Entries shown
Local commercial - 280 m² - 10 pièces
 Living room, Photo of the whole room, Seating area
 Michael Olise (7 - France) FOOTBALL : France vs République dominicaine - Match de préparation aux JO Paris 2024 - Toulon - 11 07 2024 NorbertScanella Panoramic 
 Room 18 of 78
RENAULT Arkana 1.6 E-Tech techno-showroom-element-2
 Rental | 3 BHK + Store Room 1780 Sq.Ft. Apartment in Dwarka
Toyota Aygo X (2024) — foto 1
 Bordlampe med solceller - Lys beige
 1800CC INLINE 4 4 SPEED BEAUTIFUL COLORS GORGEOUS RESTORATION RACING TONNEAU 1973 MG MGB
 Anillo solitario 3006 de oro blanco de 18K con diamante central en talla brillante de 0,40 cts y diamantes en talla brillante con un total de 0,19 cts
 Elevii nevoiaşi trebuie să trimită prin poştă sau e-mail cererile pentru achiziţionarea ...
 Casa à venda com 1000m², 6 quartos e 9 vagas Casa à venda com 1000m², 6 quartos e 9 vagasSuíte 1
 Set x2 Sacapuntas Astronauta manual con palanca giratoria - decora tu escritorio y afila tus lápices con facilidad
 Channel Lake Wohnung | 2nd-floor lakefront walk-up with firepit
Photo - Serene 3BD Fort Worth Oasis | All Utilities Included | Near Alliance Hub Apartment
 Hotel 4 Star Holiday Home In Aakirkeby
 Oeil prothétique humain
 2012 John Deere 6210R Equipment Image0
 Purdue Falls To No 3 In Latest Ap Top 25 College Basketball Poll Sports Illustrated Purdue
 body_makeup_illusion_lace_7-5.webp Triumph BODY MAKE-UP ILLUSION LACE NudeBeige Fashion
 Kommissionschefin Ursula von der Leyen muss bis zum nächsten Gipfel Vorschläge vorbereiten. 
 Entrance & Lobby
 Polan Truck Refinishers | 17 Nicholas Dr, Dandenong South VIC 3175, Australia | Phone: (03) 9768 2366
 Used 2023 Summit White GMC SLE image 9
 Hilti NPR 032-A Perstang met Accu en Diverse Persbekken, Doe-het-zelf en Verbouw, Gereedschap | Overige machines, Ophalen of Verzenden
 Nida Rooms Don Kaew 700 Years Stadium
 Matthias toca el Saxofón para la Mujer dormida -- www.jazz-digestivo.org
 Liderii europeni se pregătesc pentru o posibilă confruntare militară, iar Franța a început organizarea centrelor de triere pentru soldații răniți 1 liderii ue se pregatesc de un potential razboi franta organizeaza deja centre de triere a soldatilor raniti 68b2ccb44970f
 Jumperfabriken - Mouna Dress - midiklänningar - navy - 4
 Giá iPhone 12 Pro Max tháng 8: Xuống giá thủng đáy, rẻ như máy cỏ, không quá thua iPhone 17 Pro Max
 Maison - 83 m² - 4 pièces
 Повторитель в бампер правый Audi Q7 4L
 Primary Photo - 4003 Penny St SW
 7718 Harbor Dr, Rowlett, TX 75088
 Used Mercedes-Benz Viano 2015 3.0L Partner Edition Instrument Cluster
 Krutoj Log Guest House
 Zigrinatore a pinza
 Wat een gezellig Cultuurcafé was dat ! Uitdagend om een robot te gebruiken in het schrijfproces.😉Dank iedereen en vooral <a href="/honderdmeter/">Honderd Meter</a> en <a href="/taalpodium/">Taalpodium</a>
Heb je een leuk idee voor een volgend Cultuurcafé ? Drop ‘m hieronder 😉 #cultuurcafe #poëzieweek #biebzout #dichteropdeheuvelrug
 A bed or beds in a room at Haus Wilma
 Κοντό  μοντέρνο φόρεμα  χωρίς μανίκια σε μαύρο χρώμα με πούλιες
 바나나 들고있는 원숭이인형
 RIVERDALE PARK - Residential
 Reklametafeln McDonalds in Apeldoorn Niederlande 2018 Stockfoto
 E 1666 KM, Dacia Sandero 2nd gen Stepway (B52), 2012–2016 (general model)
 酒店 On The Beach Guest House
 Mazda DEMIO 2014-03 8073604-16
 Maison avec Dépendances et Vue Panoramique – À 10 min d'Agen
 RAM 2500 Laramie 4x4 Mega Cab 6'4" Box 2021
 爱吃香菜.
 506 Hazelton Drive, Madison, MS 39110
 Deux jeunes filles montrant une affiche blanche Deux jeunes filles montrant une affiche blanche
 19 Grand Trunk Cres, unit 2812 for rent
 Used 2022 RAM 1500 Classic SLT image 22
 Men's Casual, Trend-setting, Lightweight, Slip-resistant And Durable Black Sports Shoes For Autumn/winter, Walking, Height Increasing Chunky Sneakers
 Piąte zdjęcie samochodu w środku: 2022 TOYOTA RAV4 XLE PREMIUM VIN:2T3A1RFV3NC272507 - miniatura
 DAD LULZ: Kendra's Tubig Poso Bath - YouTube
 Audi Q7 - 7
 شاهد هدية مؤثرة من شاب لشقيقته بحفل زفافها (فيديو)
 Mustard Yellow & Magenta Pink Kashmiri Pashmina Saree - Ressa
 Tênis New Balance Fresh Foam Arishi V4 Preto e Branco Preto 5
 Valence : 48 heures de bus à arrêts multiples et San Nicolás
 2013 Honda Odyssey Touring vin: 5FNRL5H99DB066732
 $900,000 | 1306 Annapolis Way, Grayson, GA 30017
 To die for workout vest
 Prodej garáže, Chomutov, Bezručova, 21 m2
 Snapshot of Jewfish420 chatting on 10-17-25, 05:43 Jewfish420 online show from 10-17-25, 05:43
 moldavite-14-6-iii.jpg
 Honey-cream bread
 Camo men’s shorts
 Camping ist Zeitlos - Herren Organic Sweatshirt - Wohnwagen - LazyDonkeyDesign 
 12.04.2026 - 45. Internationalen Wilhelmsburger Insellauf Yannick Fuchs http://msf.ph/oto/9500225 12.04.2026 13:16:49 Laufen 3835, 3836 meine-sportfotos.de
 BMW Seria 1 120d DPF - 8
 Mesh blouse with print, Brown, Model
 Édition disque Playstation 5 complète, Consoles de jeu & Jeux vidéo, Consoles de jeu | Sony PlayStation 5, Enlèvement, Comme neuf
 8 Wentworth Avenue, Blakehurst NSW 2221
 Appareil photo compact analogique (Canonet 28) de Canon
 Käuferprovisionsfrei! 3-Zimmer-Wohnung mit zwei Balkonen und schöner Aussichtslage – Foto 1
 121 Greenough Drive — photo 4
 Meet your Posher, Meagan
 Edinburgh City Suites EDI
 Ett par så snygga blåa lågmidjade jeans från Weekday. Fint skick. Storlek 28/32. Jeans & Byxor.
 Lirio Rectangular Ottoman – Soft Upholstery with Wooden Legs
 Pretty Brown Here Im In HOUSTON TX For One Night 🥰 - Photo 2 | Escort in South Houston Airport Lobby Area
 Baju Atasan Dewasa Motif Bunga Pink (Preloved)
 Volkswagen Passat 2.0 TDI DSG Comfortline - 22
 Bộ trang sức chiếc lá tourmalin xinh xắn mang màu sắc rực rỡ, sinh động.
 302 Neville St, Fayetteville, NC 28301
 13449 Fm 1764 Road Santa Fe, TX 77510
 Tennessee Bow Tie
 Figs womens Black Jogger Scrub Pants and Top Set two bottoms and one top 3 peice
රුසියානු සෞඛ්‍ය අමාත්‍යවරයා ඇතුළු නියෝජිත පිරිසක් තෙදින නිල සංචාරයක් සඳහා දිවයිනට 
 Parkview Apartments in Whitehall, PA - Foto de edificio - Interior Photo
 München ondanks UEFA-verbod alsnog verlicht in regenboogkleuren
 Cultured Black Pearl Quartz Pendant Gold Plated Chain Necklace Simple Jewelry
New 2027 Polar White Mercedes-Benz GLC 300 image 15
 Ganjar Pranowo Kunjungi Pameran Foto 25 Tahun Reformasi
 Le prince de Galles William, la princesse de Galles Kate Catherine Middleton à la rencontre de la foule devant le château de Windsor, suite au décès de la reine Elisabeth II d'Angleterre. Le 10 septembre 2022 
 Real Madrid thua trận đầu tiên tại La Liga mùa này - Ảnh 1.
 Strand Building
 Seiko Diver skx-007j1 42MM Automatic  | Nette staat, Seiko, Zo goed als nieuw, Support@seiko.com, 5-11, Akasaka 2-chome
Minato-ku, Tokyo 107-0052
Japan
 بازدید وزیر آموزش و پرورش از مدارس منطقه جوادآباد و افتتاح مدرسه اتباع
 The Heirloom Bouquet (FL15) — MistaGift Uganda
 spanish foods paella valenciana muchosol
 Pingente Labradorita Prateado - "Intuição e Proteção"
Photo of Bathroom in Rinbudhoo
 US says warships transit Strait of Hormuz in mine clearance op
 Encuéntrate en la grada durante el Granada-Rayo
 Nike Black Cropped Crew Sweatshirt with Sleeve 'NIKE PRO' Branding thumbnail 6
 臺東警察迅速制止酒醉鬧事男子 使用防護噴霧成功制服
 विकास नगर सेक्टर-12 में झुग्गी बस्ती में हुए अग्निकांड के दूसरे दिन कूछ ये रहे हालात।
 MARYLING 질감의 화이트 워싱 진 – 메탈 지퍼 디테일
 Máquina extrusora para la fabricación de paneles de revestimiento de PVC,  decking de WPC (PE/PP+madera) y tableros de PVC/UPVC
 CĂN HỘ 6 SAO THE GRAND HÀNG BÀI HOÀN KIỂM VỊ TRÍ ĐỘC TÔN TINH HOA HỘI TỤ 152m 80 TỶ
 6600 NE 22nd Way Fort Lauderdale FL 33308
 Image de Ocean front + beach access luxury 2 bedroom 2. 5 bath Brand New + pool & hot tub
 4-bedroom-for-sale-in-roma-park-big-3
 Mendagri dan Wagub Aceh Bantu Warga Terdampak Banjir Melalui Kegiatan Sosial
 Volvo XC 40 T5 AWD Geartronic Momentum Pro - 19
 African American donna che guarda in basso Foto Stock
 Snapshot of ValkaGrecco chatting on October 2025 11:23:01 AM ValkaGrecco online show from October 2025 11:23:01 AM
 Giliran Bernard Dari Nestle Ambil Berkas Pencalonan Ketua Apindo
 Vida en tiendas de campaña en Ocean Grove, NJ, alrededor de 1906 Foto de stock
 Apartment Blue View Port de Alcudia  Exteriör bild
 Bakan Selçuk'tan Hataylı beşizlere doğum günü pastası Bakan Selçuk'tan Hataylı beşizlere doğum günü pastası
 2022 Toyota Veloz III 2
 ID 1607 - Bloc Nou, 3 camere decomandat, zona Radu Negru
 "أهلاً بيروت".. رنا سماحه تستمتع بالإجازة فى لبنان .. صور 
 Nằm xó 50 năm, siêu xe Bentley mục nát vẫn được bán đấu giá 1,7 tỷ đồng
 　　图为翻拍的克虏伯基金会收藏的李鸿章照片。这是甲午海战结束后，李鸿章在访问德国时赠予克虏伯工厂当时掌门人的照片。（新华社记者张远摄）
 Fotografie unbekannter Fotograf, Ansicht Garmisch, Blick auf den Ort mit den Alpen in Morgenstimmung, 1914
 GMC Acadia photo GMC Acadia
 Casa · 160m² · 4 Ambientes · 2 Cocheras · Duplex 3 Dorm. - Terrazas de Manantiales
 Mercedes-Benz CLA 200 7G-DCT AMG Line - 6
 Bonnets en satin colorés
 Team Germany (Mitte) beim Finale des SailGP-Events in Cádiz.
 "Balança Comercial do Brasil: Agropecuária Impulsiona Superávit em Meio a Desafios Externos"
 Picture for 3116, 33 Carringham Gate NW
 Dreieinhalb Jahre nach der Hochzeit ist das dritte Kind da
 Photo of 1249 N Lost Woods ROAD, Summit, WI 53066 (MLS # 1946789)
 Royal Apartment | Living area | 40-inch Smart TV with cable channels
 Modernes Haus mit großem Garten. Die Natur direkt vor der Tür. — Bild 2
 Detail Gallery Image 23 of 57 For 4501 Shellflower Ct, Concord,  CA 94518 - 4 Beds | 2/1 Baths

Your objective
The lines from the start of the entries above through the line containing "Bordlampe med solceller - Lys beige" are the ones to return, please; copy them exactly and include both ends.

Output of the task
Local commercial - 280 m² - 10 pièces
 Living room, Photo of the whole room, Seating area
 Michael Olise (7 - France) FOOTBALL : France vs République dominicaine - Match de préparation aux JO Paris 2024 - Toulon - 11 07 2024 NorbertScanella Panoramic 
 Room 18 of 78
RENAULT Arkana 1.6 E-Tech techno-showroom-element-2
 Rental | 3 BHK + Store Room 1780 Sq.Ft. Apartment in Dwarka
Toyota Aygo X (2024) — foto 1
 Bordlampe med solceller - Lys beige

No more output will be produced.